What is your one-year financial plan?
The 'Year-Long Plot,' as Hamm calls it, is a detailed financial plan, week by week, of how you’ll move from where you’re at right now to the financial goal you want to achieve in one year.
Ann Hermes/Staff
Where do you want to be a year from now?
Would you like to have some debts paid off? Maybe you dream of having finished an art project or a major home improvement project. Perhaps you dream of having a social circle to participate in.
We all have things we’d love to accomplish, things that are a bit more real than a daydream but still far away from reality. I certainly have a long list of those things.
Lately, I’ve been trying a new approach for these types of dreams and I’ve found that it works out really well, at least for me. In fact, I’ve had enough success with it that I feel like sharing it with you.

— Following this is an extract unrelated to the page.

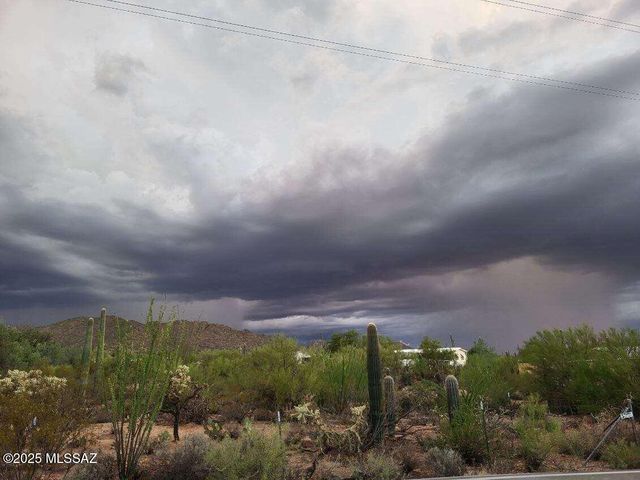 6181 N Bobcat Lane, Tucson, AZ 85743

I call it “The Year-Long Plot.” It’s pretty straightforward. All you do is plot out a detailed plan, week by week, of how you’ll move from where you’re at right now to the goal you want to achieve in one year.
Let’s say you want to pay off a $5,000 debt in the next year. The route to get there involves coming up with $100 a week, which will add up to $5,200 over the course of a year.
So, you make that your weekly goal. “This week, I’m going to scrounge together $100 and use it as an extra debt payment at the end of the month.”
How will you do it? All you really have to worry about is that week. If you carry forward with your goal of coming up with that $100 in that week, and you just repeat that goal over and over and over again, you’re going to pay off that big debt in its entirety.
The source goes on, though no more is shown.